2012年6月16日(土)
大飯 耐性試験「妥当」の陰で
三菱 検証委員に300万円
原発再稼働のためのストレステスト(耐性試験)で原子炉メーカーが自社製原子炉のテスト業務を行っていた問題で、三菱重工業がテスト結果を検証する委員の大学教授3人に昨年度、計300万円の寄付をしていたことが15日までに、本紙の調べで判明しました。寄付が行われたのは、三菱重工製の原発の審査が行われたわずか4カ月前でした。こうした時期の寄付は、審査体制の根本が問われる大問題です。
昨年度、審査実施の4カ月前
三菱重工による寄付が判明したのは、経済産業省原子力安全・保安院内に設けられたストレステストの結果を検証する専門家による委員会「発電用原子炉施設の安全性に関する総合的評価に係る意見聴取会」(11人)のメンバー3人です。

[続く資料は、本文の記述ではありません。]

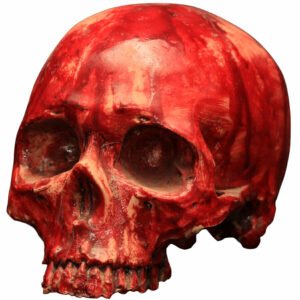 Bloody Resin Skull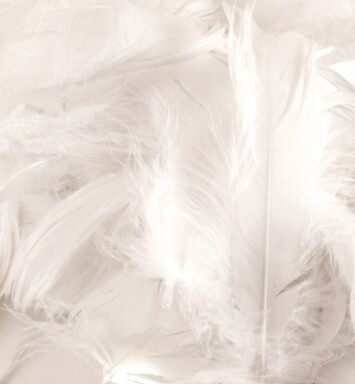 Eleganza Feathers - White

委員が所属する大学に本紙が情報公開で入手した資料によると、岡本孝司座長(東京大学教授)、阿部豊委員(筑波大学大学院教授)、山口彰委員(大阪大学大学院教授)に対し三菱重工はそれぞれ100万円の寄付を東京電力福島第1原発事故後の昨年6月から7月にかけて寄付をしていました。
納入も試験も
三菱重工は、同社が納入した関西電力大飯原発3、4号機などのストレステスト業務を受注しています。同3号機のテスト結果は昨年10月末に、4号機の結果は同年11月に保安院に提出され、委員会の審査が始まりました。2基のテスト結果は、この聴取委員会の審査で「おおむね妥当」との結論となっています。
原発業界から委員への寄付は、聴取会でも問題になりました。1月の会議では、岡本座長が「三菱重工以外の企業からも寄付を受けている。大学のルールに基づいて適正に行っており、個人の利益のために使用していない」と弁明する一幕もありました。
長年にわたり
3人の委員には過去にも三菱重工からの寄付の実績があります。岡本座長は、09〜11年に計300万円、阿部委員は06〜11年に計600万円、山口委員は09〜11年に計300万円となっており、長年にわたって、三菱重工と密接な関係にあることは明らか。本来、安全審査に関わる資格が問われる重大問題です。
また山口委員は、日本原子力発電(日本原電)から50万円の寄付を今年2月末に受けています。日本原電は昨年12月に敦賀発電所2号機(三菱重工製)のテスト結果を保安院に提出。この点でも委員の適格性が問われます。